From the Congressional Monthly Update, Jan 2008

On Saturday, Dec. 29, the president signed the Medicare, Medicaid and SCHIP Extension Act of 2007, which replaces the 10.1 percent reduction in Medicare Part B payments scheduled for 2008 with a six-month, 0.5 percent increase. Physicians will again face a reduction in Part B payments in July 2008 unless Congress once again intervenes.

The Centers for Medicare & Medicaid Services (CMS) announced that it will give physicians an additional 45 days to decide whether to participate in the Medicare program for 2008. Providers now have until Feb. 15, 2008, instead of Dec. 31, 2007.

Besides temporarily averting the cut, the Medicare, Medicaid and SCHIP Extension Act of 2007:

  • Extends the SCHIP at current funding through March 31, 2009;
  • Continues the Physician Quality Reporting Initiative for all of 2008 (successful participants will still earn a bonus payment of 1.5 percent of all covered professional services provided during the reporting period);
  • Extends the 5 percent bonus payment to physician shortage areas through June 30;
  • Extends the geographic practice cost index floor of 1.0 through June 30;
  • Extends a provision in the Balanced Budget Act of 1997 that allows independent laboratories to bill Medicare directly for the technical component of certain pathology services provided to hospitals through June 30;
  • Extends the exceptions process for therapy caps through June 30;
  • Extends the current “charges to cost” methodology that provides a separate payment for brachytherapy beginning April 1, including therapeutic radiopharmaceuticals;
  • Extends the reasonable costs payments for certain clinical diagnostic laboratory tests in rural areas through June 30;
  • Requires the Centers for Medicare & Medicaid Services to adjust the average sales price (ASP) calculation to use volume-weighted ASPs based on actual sales volume and institutes a reimbursement rate for generic albuterol; and
  • Allows reimbursement for certain diabetes laboratory tests for home use at the same rate as other glycated hemoglobin tests beginning April 1.

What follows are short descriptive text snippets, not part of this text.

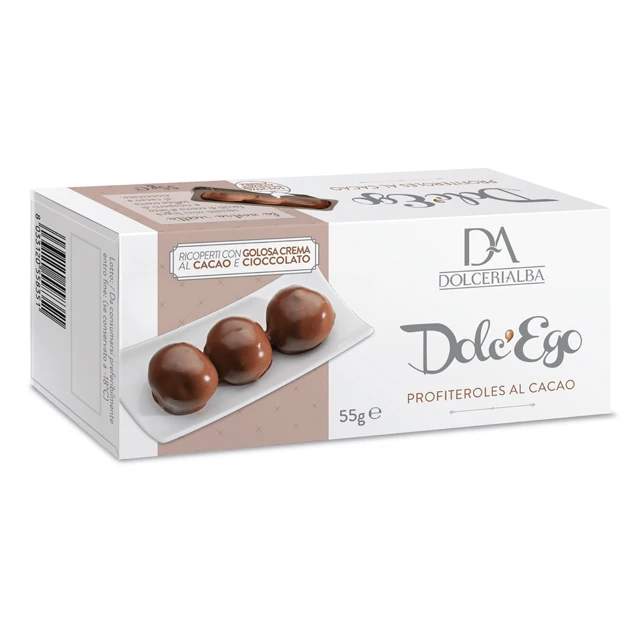 
Best Quality Made in Italy Cocoa Cream Puffs Individual Portion for Supermarkets 55g/1,94oz 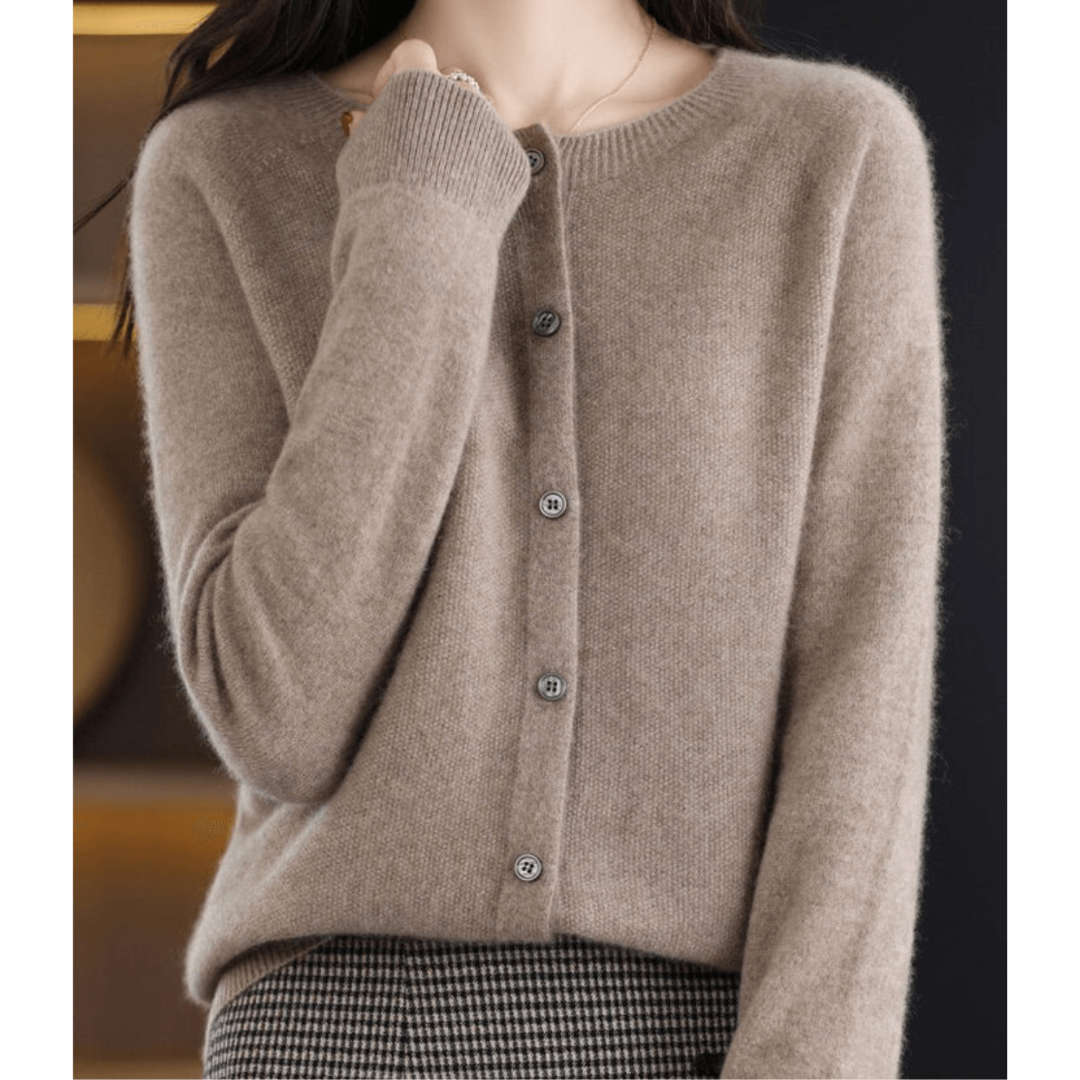 Damen Warme Knopf Daunen Strickjacke Langarm
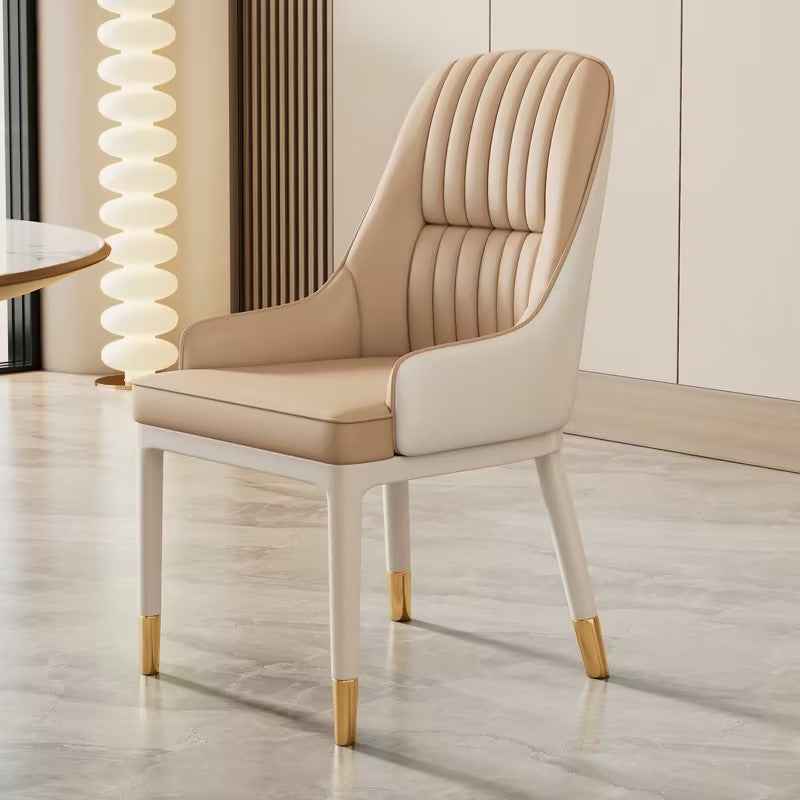 Ash wood Upholstered PU Leather wooden leg Dining Chairs for 6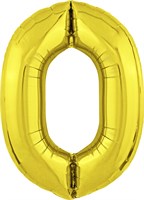 Шар (40''/102 см) Цифра Slim Золото №0  Agura 2139738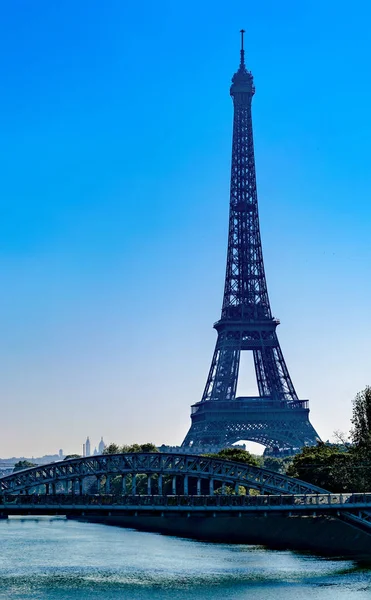 Panoramisch Uitzicht Van Parijs Met Eiffeltoren Brug Rivier Seine — Stockfoto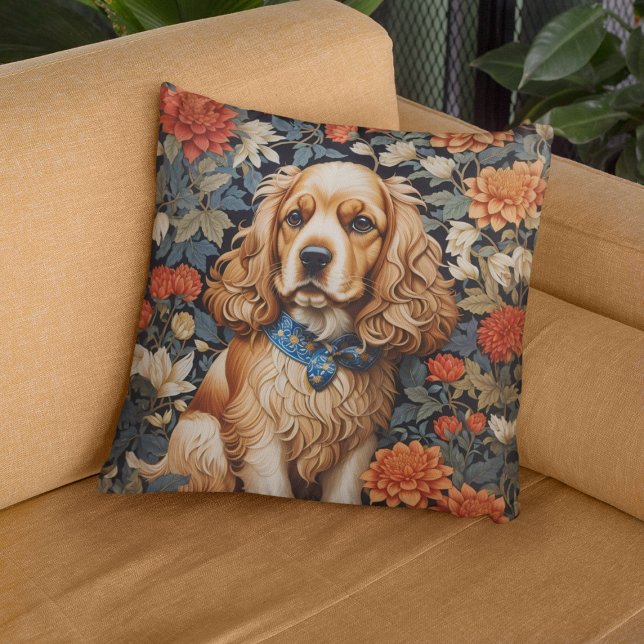 Cocker Spaniel William Morris Inspired Floral Throw Pillow (Creator Uploaded)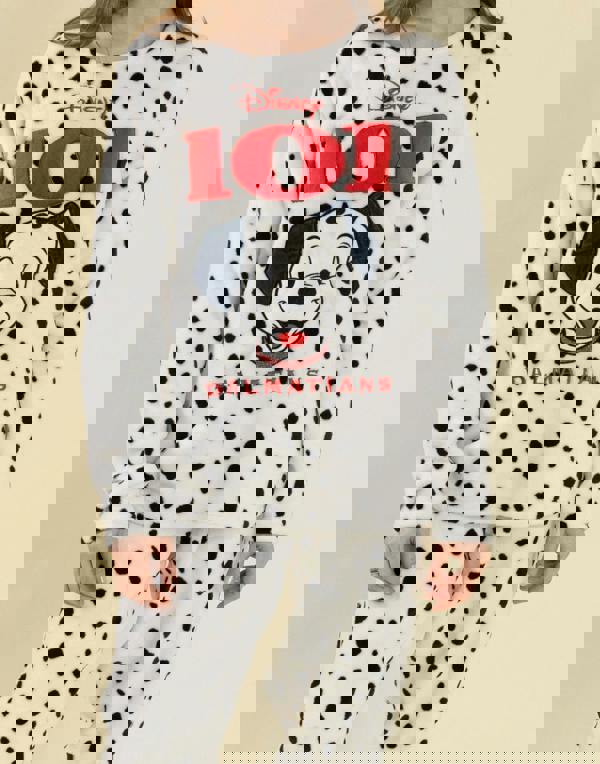 Disney Womens White 101 Dalmations Long Sleeve Long Leg Pyjama Set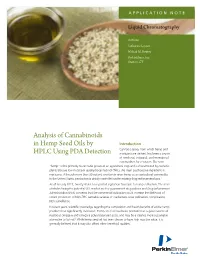 Analysis of Cannabinoids in Hemp Seed Oils by HPLC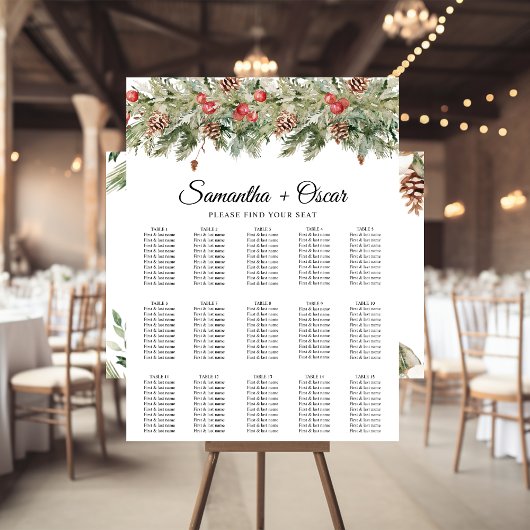 Poster Aquarelle Hiver Pine verte Arbre et Pine Cône Pos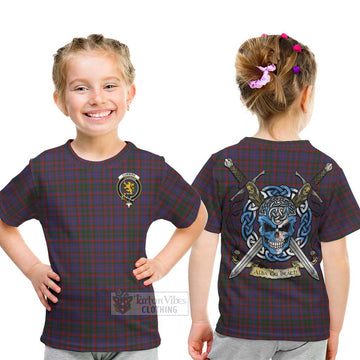 Tartan Vibes Clothing Cumming Tartan Kid T-Shirt with Family Crest Celtic Skull Style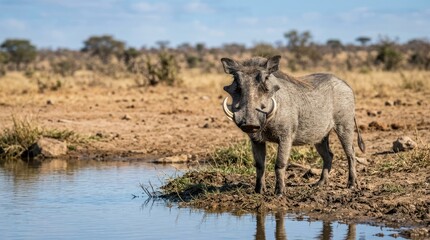 Fototapeta premium Warthog standing by serene savannah waterhole on sunny day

Please note that congressional action to avert the reduction to the conversion factor is not the only change affecting 2008 Medicare payment rates. Adjustments will vary by service, specialty and locale based on the following factors included in the final CMS 2008 Medicare fee schedule rule:

  • 2008 will be the second year in a four-year transition to revise practice-expense relative value units.
  • A number of services — particularly under anesthesiology, and home-health and eye exams — have revised relative value units for physician work. These values increase significantly.
  • CMS has increased the budget-neutrality adjustment created last year to compensate for changes to the five-year review of work values; payments for many services will drop by about 1 percent.
  • The geographic adjustment factors (GPCIs) have been updated, as they are every three years. The changes’ magnitude is generally small, but affects many payment locales. In addition, the law just passed by Congress continued the floor on the work GPCI and the physician-scarcity area bonuses until June 2008.

The rule adds new services to those subject to imaging payment cuts stemming from the Deficit Reduction Act of 2005, which limits payments to no more than the comparable payment in hospital outpatient departments.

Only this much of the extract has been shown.